Kathy Pearce

Personal information
- Nationality: British (Welsh)
- Born: 16 February 1963 (age 63) Berriew, Welshpool, Wales

Sport
- Club: Berriew

Medal record
Representing Wales
World Outdoor Championships
| Bronze medal – third place | 2004 Leamington Spa | fours |
| Bronze medal – third place | 2004 Leamington Spa | team |
| Bronze medal – third place | 2008 Christchurch | triples |
| Bronze medal – third place | 2012 Adelaide | triples |
| Bronze medal – third place | 2012 Adelaide | fours |
| Silver medal – second place | 2016 Christchurch | triples |
| Silver medal – second place | 2016 Christchurch | team |
World Singles Champion of Champions
| Gold medal – first place | 2008 Aberdeen | singles |
Atlantic Bowls Championships
| Gold medal – first place | 1997 Llandrindod Wells | triples |
| Silver medal – second place | 1997 Llandrindod Wells | fours |
| Silver medal – second place | 2007 Ayr | triples |
| Gold medal – first place | 2009 Johannesburg | triples |
| Silver medal – second place | 2009 Johannesburg | singles |
| Silver medal – second place | 2015 Paphos | fours |

= Kathy Pearce =

Welsh bowls player (born 1963)

Katharine Anne Pearce (born 16 February 1963) is a Welsh international lawn and indoor bowler.

==Bowls career==
Pearce from Berriew, Welshpool won the triples gold medal and fours silver medal at the 1997 Atlantic Bowls Championships In Llandrindod wells.

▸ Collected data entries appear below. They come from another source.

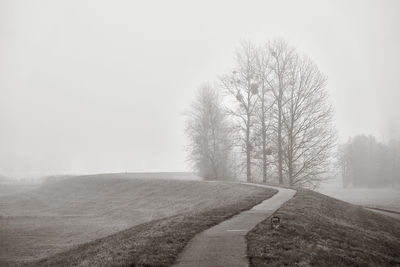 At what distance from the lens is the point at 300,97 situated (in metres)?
32.7

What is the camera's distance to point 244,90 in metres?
36.2

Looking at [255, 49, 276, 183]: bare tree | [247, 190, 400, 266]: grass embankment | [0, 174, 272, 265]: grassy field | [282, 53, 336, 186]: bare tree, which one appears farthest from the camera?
[255, 49, 276, 183]: bare tree

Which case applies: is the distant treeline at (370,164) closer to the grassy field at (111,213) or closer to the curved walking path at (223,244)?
the grassy field at (111,213)

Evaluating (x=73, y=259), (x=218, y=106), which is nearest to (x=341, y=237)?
(x=73, y=259)

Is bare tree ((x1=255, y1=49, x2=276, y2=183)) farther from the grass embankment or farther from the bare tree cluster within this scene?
the grass embankment

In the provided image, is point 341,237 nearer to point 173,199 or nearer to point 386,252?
point 386,252

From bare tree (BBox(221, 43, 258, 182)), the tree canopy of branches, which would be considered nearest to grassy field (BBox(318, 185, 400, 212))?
the tree canopy of branches

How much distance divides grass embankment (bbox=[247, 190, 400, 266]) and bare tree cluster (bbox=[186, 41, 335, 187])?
14.1 metres

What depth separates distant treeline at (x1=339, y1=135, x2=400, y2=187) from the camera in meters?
72.4

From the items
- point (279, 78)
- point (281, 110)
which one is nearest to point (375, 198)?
point (281, 110)

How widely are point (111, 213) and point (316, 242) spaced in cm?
2346

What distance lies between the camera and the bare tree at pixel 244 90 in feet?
117

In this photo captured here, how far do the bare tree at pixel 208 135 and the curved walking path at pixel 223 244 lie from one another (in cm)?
2973

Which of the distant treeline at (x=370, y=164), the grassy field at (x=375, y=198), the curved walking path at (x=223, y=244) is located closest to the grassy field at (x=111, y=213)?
the curved walking path at (x=223, y=244) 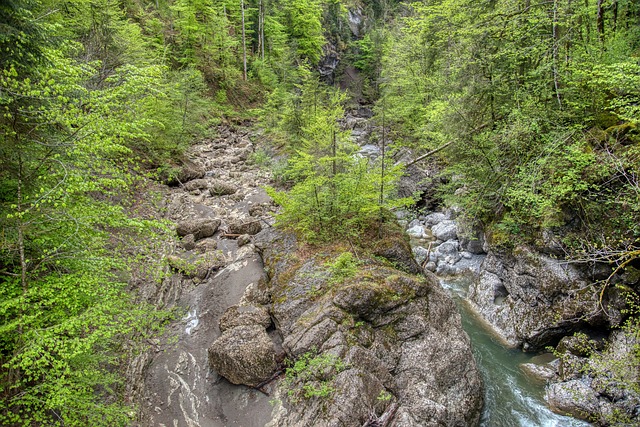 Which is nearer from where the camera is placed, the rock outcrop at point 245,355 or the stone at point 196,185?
the rock outcrop at point 245,355

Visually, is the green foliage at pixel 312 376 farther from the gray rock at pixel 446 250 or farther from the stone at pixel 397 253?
the gray rock at pixel 446 250

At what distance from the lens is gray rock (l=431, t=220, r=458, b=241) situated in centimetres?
1623

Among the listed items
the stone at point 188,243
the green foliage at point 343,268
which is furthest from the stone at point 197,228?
the green foliage at point 343,268

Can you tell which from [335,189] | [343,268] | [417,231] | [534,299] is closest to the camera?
[343,268]

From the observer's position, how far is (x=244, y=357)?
718 cm

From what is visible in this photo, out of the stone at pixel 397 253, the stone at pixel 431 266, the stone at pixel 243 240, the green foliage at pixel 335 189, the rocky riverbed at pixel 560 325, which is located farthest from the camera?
the stone at pixel 431 266

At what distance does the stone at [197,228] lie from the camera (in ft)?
42.9

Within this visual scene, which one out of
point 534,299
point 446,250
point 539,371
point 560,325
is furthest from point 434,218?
point 539,371

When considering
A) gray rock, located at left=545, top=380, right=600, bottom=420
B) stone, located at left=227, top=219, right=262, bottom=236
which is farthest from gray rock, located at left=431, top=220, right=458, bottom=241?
stone, located at left=227, top=219, right=262, bottom=236

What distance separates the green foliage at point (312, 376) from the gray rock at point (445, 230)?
1174 cm

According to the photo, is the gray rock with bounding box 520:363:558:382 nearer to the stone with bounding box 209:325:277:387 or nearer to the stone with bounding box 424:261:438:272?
the stone with bounding box 424:261:438:272

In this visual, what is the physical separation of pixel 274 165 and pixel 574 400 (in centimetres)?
1563

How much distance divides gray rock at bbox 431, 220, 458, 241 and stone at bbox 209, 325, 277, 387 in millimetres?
11721

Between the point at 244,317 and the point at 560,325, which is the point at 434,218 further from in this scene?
the point at 244,317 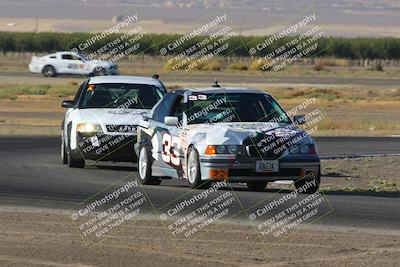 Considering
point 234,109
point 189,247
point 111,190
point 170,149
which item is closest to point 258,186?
point 234,109

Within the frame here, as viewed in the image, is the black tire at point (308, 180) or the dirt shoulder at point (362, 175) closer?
the black tire at point (308, 180)

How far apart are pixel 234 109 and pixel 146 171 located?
1.79 m

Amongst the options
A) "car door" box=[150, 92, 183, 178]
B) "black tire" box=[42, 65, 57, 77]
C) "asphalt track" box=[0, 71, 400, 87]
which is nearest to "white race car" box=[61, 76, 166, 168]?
"car door" box=[150, 92, 183, 178]

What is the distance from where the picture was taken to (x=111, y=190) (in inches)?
725

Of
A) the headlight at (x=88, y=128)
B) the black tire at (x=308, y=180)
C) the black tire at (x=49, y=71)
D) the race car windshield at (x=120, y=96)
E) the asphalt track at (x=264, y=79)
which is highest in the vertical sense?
the race car windshield at (x=120, y=96)

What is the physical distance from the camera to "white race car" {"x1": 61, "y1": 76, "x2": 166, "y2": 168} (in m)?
21.7

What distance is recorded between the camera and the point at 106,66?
73.6 m

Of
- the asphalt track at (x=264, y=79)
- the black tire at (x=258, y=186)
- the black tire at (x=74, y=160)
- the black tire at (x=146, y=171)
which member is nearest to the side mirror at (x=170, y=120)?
the black tire at (x=146, y=171)

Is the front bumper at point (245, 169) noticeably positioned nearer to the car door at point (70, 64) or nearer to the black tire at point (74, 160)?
the black tire at point (74, 160)

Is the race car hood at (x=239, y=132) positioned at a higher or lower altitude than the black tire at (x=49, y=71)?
higher

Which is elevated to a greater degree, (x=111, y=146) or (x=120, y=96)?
(x=120, y=96)

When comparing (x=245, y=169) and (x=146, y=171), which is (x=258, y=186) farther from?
(x=245, y=169)

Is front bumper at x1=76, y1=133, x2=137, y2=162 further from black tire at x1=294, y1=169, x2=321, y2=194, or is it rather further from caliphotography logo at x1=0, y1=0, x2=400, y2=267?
black tire at x1=294, y1=169, x2=321, y2=194

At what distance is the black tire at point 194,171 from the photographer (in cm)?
1756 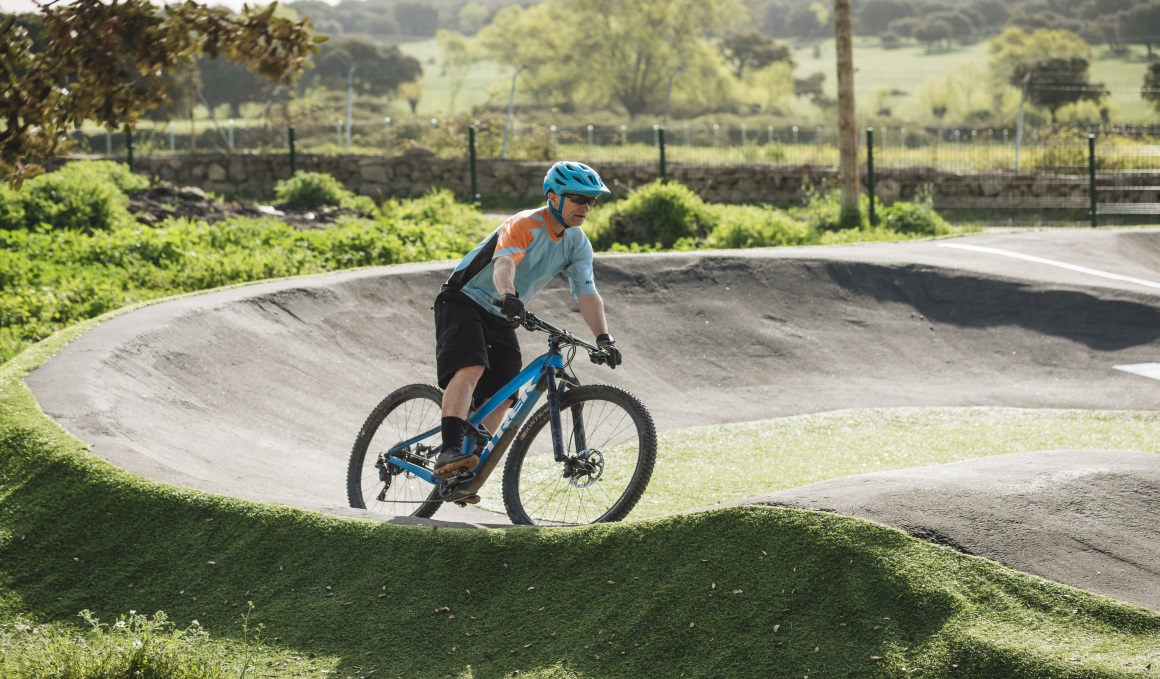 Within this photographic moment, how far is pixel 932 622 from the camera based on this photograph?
410 cm

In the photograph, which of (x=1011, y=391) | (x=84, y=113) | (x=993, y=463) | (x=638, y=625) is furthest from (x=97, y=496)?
(x=1011, y=391)

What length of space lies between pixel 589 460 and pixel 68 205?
12754mm

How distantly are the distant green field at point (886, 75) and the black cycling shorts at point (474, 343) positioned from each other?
69546 mm

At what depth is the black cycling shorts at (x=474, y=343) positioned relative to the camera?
228 inches

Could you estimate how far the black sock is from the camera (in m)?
5.74

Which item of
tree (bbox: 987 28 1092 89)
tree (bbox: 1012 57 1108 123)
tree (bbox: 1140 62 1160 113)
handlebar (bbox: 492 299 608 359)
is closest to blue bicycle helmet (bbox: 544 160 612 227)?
handlebar (bbox: 492 299 608 359)

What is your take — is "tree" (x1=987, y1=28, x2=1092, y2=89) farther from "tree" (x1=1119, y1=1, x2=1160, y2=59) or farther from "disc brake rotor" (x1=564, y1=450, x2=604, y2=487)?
"disc brake rotor" (x1=564, y1=450, x2=604, y2=487)

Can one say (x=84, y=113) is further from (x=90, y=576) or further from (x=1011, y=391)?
(x=1011, y=391)

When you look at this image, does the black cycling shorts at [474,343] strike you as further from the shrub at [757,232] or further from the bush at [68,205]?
the shrub at [757,232]

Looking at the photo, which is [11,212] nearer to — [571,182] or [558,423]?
[571,182]

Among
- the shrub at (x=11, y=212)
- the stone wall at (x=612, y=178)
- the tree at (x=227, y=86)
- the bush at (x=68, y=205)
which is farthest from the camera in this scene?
the tree at (x=227, y=86)

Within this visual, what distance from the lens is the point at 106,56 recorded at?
3.70 metres

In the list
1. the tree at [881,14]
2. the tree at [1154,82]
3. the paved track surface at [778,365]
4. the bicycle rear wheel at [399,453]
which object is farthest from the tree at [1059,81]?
the tree at [881,14]

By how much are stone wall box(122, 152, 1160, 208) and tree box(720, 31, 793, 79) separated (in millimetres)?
84295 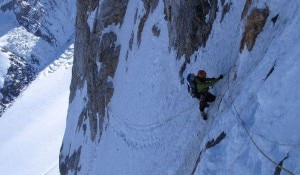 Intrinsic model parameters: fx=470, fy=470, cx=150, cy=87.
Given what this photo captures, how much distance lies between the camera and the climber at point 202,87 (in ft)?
41.1

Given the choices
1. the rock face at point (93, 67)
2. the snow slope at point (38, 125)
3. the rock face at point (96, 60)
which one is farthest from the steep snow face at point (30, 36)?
the rock face at point (96, 60)

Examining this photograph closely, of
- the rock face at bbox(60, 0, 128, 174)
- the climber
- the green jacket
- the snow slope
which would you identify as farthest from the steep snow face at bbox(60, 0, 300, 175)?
the snow slope

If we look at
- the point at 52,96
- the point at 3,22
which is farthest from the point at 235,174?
the point at 3,22

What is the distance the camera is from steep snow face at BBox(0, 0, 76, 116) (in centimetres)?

In 2004 she won a bronze medal at the 2004 World Outdoor Bowls Championship in the fours and in 2007 won the triples silver medal at the Atlantic Championships.

The following year she won another World bronze at the 2008 World Outdoor Bowls Championship. Also, in 2008 she won the World Singles Champion of Champions event gold medal defeating Lorraine Malloy of Scotland in the final at Aberdeen.

In 2009 she won the singles silver medal and the triples gold medal at the Atlantic Championships in Johannesburg.

She then won two more bronze medals in the triples and fours at the 2012 World Outdoor Bowls Championship in Adelaide.

In 2015 she won the fours silver medal at the Atlantic Bowls Championships.

In 2016, she won a silver medal with Emma Woodcock and Anwen Butten in the triples at the 2016 World Outdoor Bowls Championship in Christchurch.